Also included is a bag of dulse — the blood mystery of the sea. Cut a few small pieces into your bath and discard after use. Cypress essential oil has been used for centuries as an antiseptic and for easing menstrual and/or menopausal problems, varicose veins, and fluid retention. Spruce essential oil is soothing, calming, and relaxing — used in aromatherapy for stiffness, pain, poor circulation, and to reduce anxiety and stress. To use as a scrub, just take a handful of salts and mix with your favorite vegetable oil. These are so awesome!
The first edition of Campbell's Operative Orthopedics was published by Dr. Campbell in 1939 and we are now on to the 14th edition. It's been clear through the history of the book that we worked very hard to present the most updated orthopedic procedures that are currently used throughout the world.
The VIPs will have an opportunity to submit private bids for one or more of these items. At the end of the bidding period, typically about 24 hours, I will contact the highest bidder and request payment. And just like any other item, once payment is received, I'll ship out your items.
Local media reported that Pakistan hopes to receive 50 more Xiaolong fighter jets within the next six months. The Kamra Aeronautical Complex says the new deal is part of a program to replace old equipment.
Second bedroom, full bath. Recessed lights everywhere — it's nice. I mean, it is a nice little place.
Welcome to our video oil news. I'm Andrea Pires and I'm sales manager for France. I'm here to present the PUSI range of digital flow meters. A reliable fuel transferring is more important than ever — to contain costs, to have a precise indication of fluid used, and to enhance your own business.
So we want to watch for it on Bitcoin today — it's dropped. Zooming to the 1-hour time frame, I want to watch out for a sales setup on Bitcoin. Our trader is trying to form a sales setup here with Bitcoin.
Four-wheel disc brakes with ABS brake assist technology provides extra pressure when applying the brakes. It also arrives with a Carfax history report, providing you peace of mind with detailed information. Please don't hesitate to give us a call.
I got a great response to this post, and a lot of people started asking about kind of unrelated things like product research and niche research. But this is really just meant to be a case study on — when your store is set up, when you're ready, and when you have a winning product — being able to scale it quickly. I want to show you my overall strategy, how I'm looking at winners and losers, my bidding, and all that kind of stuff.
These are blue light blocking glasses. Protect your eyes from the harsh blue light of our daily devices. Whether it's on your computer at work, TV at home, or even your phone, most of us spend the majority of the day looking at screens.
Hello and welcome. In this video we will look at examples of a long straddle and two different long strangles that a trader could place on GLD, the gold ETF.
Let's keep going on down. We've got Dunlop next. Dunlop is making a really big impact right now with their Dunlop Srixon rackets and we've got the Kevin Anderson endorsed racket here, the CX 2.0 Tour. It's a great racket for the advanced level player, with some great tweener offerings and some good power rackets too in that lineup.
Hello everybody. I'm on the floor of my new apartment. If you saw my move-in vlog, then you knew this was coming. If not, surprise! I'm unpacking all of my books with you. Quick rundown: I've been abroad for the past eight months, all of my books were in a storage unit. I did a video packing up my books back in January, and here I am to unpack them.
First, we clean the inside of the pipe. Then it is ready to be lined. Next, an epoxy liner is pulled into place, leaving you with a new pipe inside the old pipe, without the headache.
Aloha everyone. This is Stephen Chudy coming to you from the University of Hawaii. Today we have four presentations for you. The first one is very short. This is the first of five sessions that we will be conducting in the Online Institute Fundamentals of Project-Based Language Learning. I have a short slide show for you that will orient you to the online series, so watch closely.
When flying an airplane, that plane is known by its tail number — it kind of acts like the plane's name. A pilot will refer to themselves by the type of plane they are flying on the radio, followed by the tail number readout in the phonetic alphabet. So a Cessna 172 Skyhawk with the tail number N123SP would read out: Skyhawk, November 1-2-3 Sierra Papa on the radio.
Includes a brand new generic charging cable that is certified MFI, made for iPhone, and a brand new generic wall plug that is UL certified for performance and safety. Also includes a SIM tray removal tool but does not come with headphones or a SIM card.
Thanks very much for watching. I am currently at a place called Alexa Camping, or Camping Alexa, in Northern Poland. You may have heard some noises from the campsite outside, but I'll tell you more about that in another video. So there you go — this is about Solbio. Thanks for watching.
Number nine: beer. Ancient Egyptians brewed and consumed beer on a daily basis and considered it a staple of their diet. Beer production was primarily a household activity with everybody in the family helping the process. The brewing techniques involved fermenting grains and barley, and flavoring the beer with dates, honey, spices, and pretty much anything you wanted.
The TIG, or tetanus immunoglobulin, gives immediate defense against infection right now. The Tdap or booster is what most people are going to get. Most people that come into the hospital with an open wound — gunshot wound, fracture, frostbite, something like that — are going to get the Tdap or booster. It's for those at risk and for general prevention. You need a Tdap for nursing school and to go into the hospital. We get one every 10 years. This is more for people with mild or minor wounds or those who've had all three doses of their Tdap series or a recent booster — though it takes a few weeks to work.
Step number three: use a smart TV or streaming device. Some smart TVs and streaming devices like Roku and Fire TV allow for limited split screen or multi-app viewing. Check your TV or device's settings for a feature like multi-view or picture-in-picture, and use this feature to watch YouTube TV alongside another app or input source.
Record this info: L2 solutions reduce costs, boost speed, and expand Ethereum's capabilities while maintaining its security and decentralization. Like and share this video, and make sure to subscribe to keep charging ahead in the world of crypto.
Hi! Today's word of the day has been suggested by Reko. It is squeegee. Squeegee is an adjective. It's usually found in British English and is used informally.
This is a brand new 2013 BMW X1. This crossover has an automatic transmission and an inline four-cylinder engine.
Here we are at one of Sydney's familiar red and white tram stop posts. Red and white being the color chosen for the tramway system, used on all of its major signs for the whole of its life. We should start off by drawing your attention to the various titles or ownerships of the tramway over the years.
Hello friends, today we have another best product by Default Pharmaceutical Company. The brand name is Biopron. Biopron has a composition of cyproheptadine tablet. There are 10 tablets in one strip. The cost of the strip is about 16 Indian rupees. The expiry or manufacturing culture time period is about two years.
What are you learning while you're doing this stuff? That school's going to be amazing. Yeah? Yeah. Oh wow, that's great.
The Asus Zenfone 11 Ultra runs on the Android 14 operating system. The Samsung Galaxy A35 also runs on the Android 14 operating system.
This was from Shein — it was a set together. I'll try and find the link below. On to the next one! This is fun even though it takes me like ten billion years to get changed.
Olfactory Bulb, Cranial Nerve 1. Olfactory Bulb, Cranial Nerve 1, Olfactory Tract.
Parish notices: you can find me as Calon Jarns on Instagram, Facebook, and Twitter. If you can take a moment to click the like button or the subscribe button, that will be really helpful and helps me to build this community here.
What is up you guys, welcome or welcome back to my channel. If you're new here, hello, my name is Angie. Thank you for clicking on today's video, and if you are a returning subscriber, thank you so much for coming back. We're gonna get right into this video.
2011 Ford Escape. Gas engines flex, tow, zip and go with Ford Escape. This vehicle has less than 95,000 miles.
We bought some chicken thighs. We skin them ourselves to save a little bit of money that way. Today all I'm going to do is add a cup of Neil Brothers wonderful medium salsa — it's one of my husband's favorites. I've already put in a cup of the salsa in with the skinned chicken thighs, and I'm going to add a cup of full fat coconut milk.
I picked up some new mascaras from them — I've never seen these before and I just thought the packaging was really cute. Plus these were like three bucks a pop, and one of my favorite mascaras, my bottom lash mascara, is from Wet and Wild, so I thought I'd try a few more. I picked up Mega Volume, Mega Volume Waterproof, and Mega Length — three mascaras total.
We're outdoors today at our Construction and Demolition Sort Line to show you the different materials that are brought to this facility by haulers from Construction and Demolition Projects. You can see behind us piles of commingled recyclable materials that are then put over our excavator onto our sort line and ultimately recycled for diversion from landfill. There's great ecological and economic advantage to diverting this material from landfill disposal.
▬▬▬▬▬▬
The task:
Give the exact lines, and only those, from the line containing "This is a brand" through the line containing "2011 Ford Escape." in the entries above.

Exercise answer:
This is a brand new 2013 BMW X1. This crossover has an automatic transmission and an inline four-cylinder engine.
Here we are at one of Sydney's familiar red and white tram stop posts. Red and white being the color chosen for the tramway system, used on all of its major signs for the whole of its life. We should start off by drawing your attention to the various titles or ownerships of the tramway over the years.
Hello friends, today we have another best product by Default Pharmaceutical Company. The brand name is Biopron. Biopron has a composition of cyproheptadine tablet. There are 10 tablets in one strip. The cost of the strip is about 16 Indian rupees. The expiry or manufacturing culture time period is about two years.
What are you learning while you're doing this stuff? That school's going to be amazing. Yeah? Yeah. Oh wow, that's great.
The Asus Zenfone 11 Ultra runs on the Android 14 operating system. The Samsung Galaxy A35 also runs on the Android 14 operating system.
This was from Shein — it was a set together. I'll try and find the link below. On to the next one! This is fun even though it takes me like ten billion years to get changed.
Olfactory Bulb, Cranial Nerve 1. Olfactory Bulb, Cranial Nerve 1, Olfactory Tract.
Parish notices: you can find me as Calon Jarns on Instagram, Facebook, and Twitter. If you can take a moment to click the like button or the subscribe button, that will be really helpful and helps me to build this community here.
What is up you guys, welcome or welcome back to my channel. If you're new here, hello, my name is Angie. Thank you for clicking on today's video, and if you are a returning subscriber, thank you so much for coming back. We're gonna get right into this video.
2011 Ford Escape. Gas engines flex, tow, zip and go with Ford Escape. This vehicle has less than 95,000 miles.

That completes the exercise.